At Royal Osha Vichit can certainly follow his heart, whereas at the Mandarin he was answerable to managers and layers of bureaucracy that left little room for spontaneity. “In a hotel you have to share your ideas with the management and it can take months to get a response.” Working in a stand-alone restaurant is different, he explains. “Whatever I want to do, I can do. I have that freedom to implement my ideas without waiting for someone’s approval. Here if I want to serve a particular type of fish—even though the margin might be low—I can because I know it will make guests happy. And if they are happy they will return.”
Each of his dishes has a story. His take on goong kham wan, sweet morsels of barely grilled Spanish red prawns is served with a tomato water jelly, a fiery fish sauce and lime dressing and topped with fish eggs and truffle, a dish he first cooked at the Hôtel de Crillon in Paris. “I needed to adapt a Thai dish with an ingredient that was local and truffle fit the bill.” The result became one of his signature creations.
At the moment Vichit lives and breathes his restaurant, to the exclusion of much else. “I used to play squash but now I have no time. I still like to ride motorcycles on my days off, although those seem few and far between.” He also reaches beyond the restaurant with his cooking and fans can follow him on TV every Sunday morning. “My dream is to let young people know about real Thai food and how to cook in the traditional ways.” The programmes on Channel 32 are a platform to share his encyclopaedic knowledge of the culinary arts—everything from how to pick and buy to how to clean and cut in a particular way. Take collecting lemongrass from the garden: “Always pick from the outside. If you pick from the centre, you’ll kill the plant.”

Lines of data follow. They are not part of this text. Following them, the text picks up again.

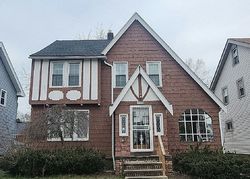 Pre-foreclosure in  HENDERSON RD Cleveland, OH 44112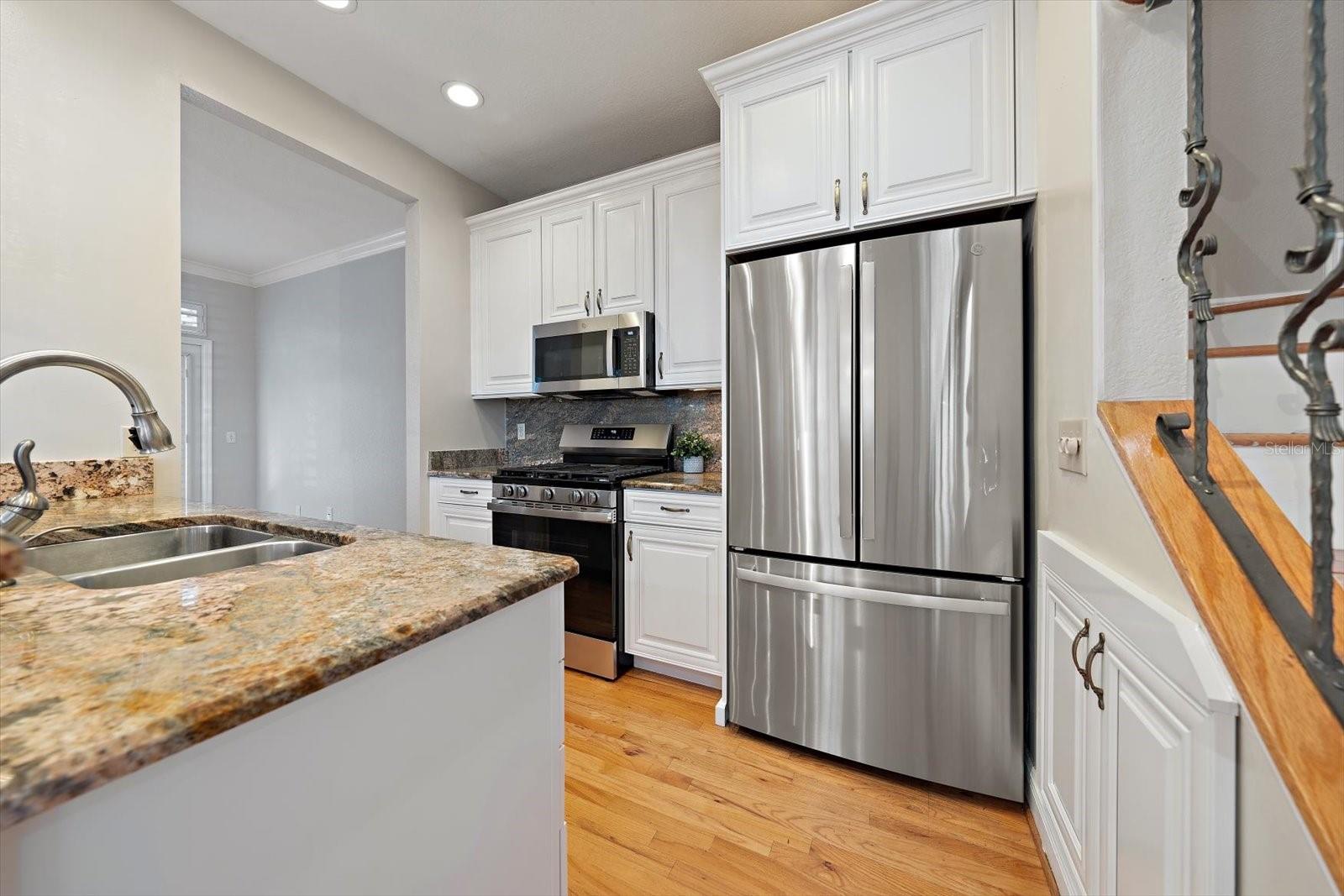 BAYSHORE WALK A CONDO - Residential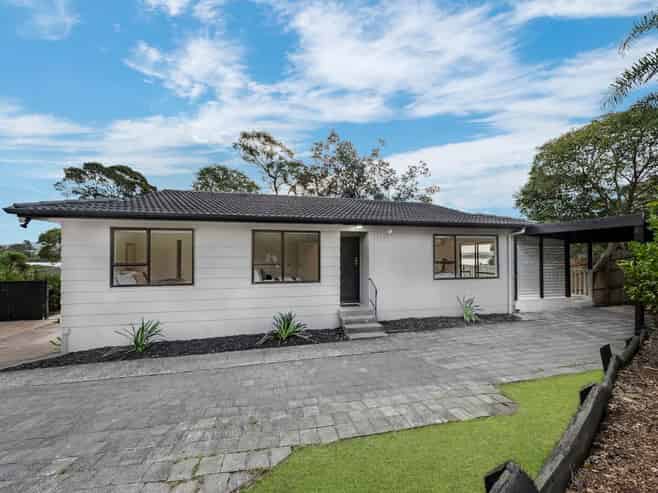 8 Sceptre Place, Avondale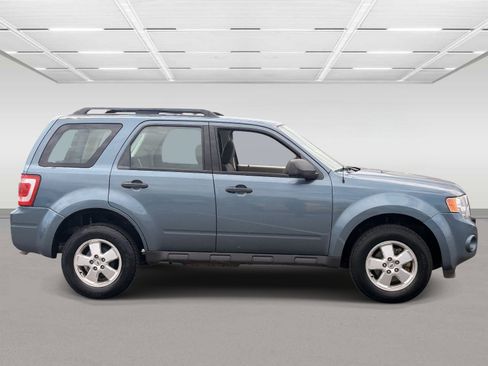 Used 2012 Ford Escape XLS FWD image 6
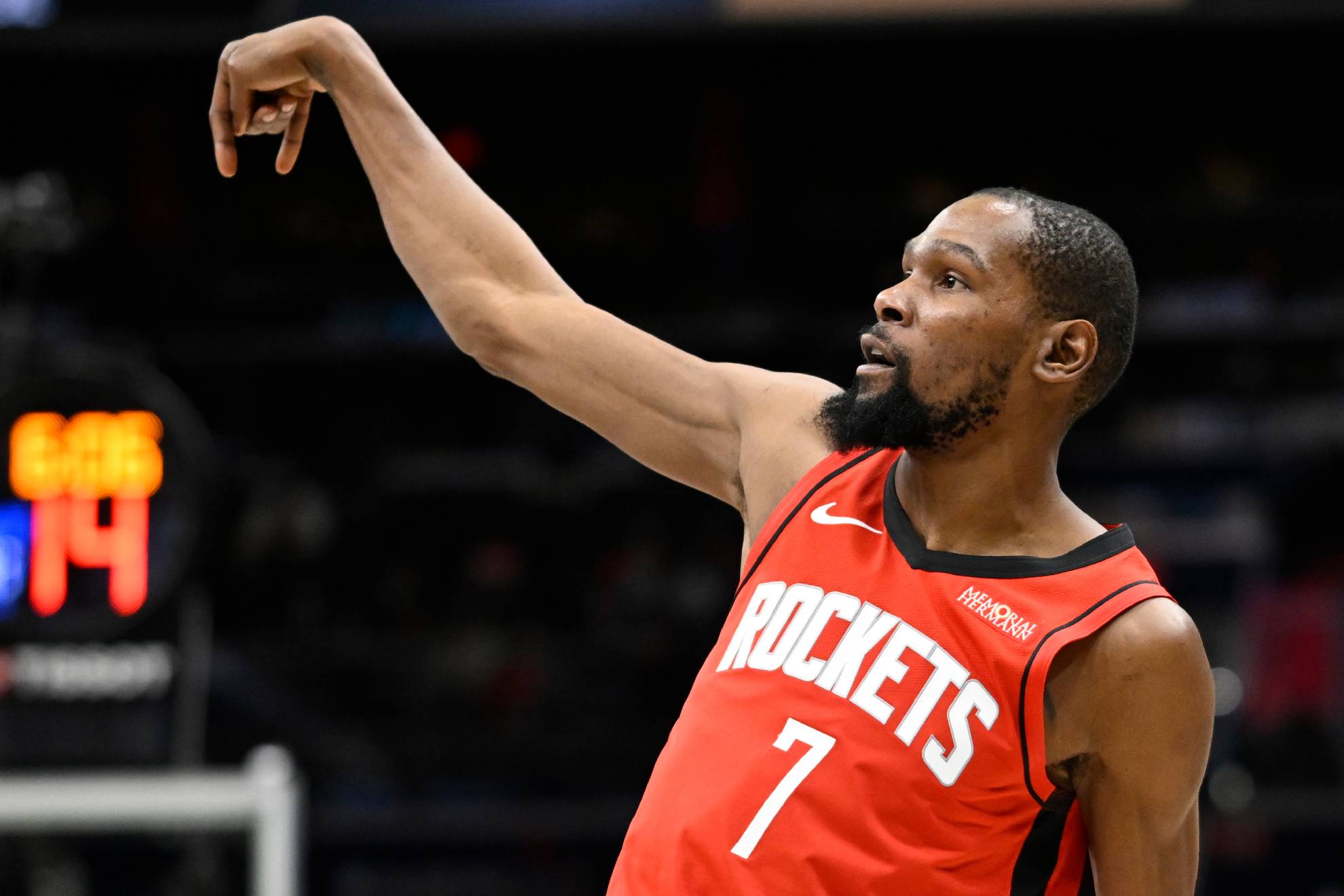 Kevin Durant mete 30 puntos en su carrera anotadora con Michael Jordan para derrocar a 'Air'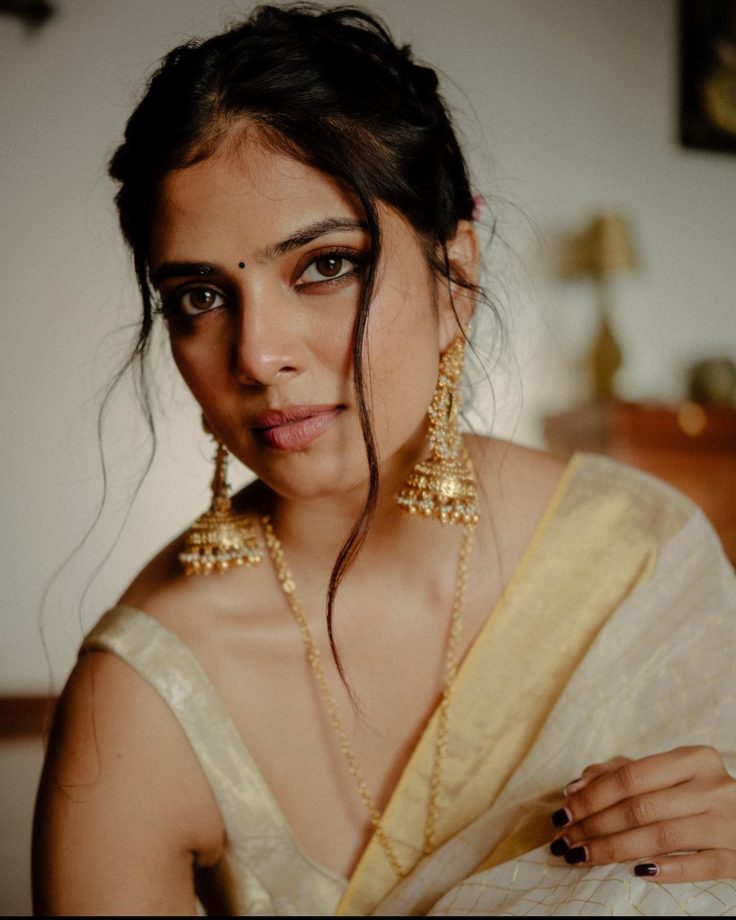 In Pics: Malavika Mohanan's Never-Ending Affair With Kasavu Silk Saree 847500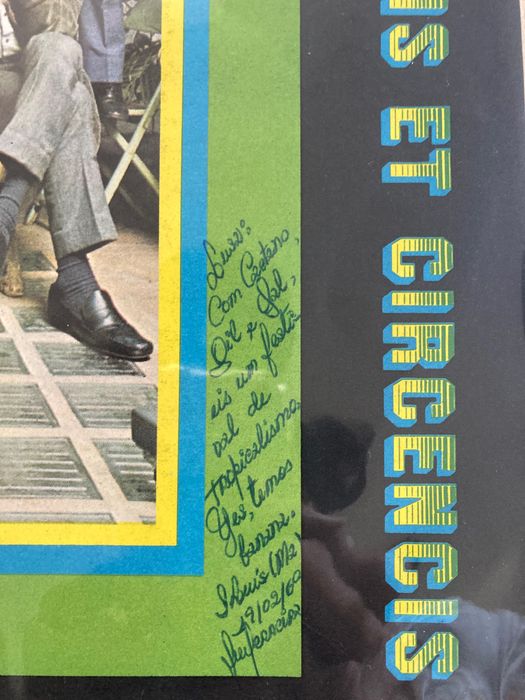 Tropicalia (panis et circensis)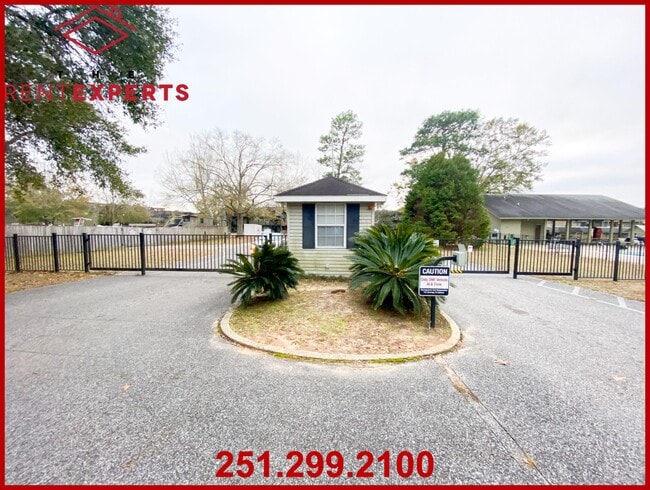 Building Photo - 232 Riverbend Dr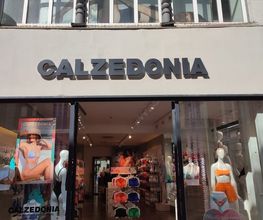 Calzedonia image 1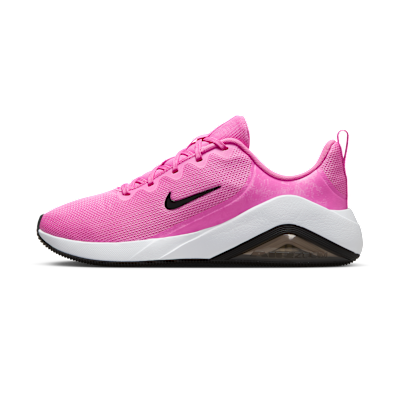 Nike Bella 7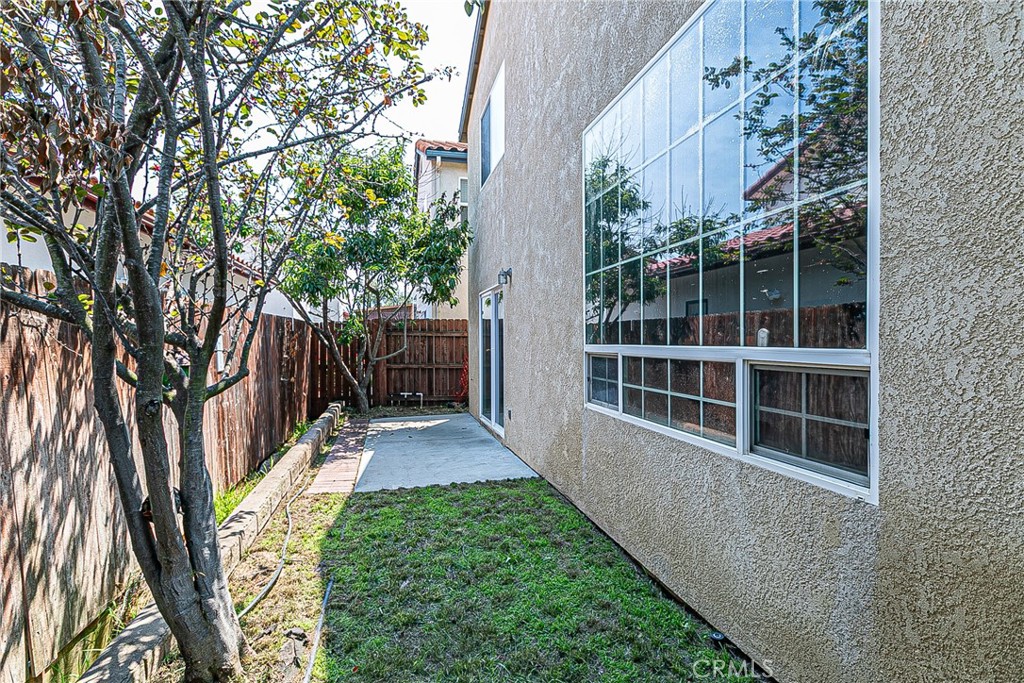 West of 101(1000) - Residential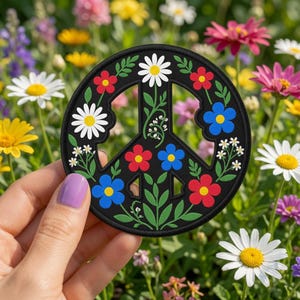 Fredsteckensmärke, Strykmärke, Dekorativt märke, Blomma, Daisy, Boho, Hippie, Retro, Påsydd applikation för kläder, väst, jacka, ryggsäck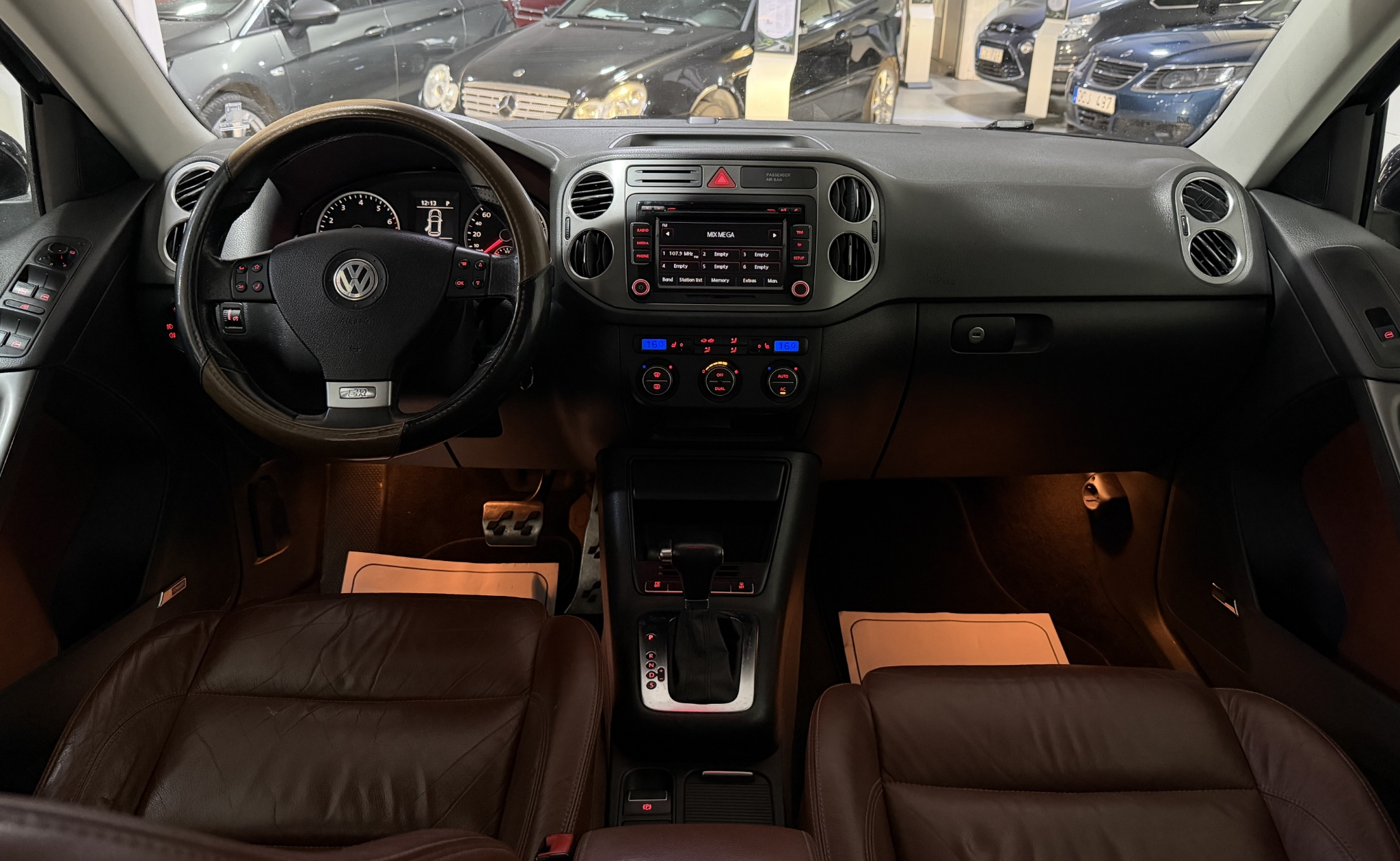 Volkswagen Tiguan 2010, bild 7/32
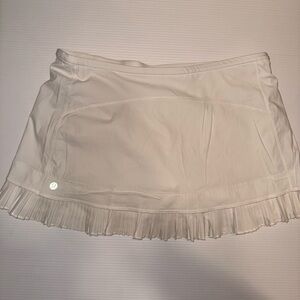 Lululemon Athletica women’s White Pleated Mini Tennis Skirt size 10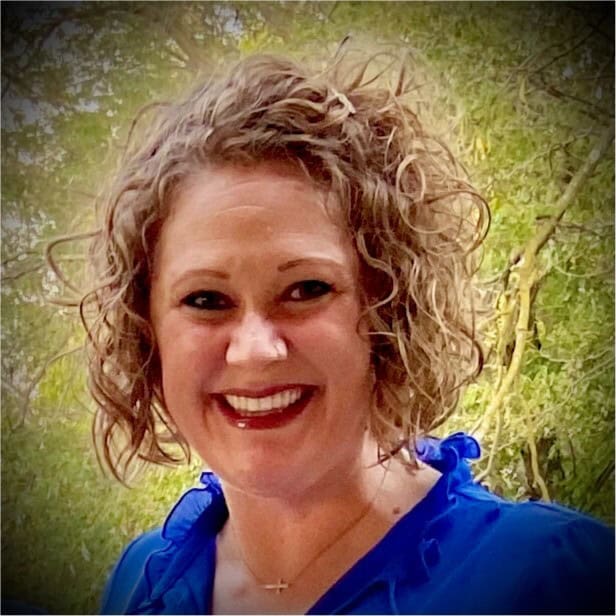 photo of amy carlson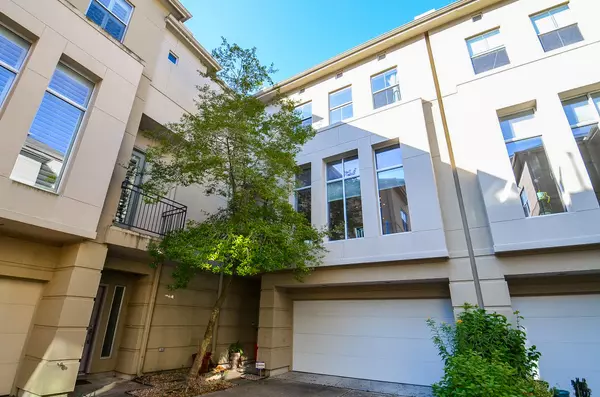 1116 Columbus ST, Houston, TX 77019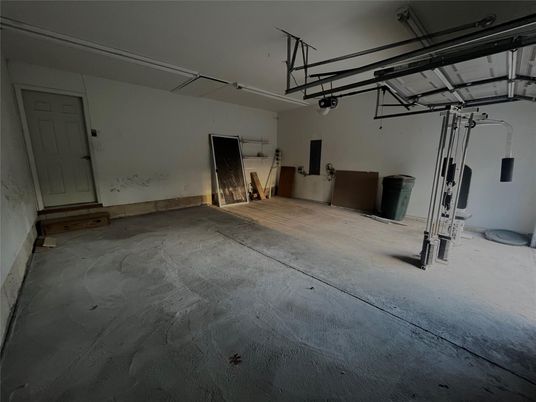 Garage, Interior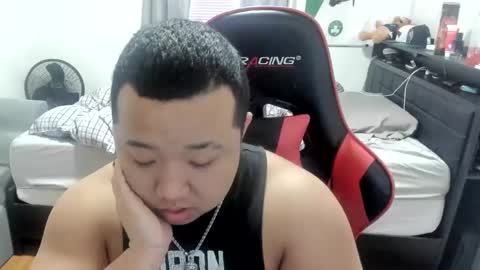 buffsexyman24 online show from March 5, 3:07 pm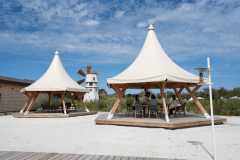 トトノエビーチ （11:00〜15:00）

He baulks at the idea of being considered the most senior of Bangkok’s Thai fine dining chefs and says he is reluctant to eat out at other restaurants because “I get irked when I try something that looks good but tastes bad. I hate being disappointed.” He puts it simply: “If you want to eat tom yum goong, you should go to a place known for good tom yum goong. If you want to eat grilled prawns with tamarind sauce, you want a place that serves the freshest prawns.” He gives one perennial favourite, Pla Thong in his hometown of Pattaya. “I get good spiny lobster, fish, prawns, crab, just brilliant ingredients.” In Bangkok he favours Nguan Lee for an after-service bite to eat. “It used to be nearby in Langsuan but it has moved to Charoen Nakorn. I order vegetables and fried or steamed fish and it is perfect simplicity.”
It’s not a meal he can often indulge in at home. “In my house it’s all fruit, vegetables and tempeh. My daughter is very serious about vegan cuisine and my wife has been a vegetarian for eight or nine years—no meat, no seafood.” As a result he occasionally partakes in a plant-based diet. “On Mondays they prepare vegan food for me and I comment on the taste and everything. It’s interesting. You can’t use shrimp paste, right? So you substitute fermented tempeh made from different beans. It’s delicious.”
His daughter Piyarat hopes to follow in his footsteps, but in her own way. She has an online platform called Kina Kind Cuisine dedicated to the benefits of a vegan diet and hopes to open a brick-and-mortar restaurant in Pattaya next year. Vichit welcomes her different approach, and knows that food evolves over time. “If you want to be a chef, you need to understand our culture. The culture of our cuisine. You need to learn a lot. The history of food grows generation by generation.”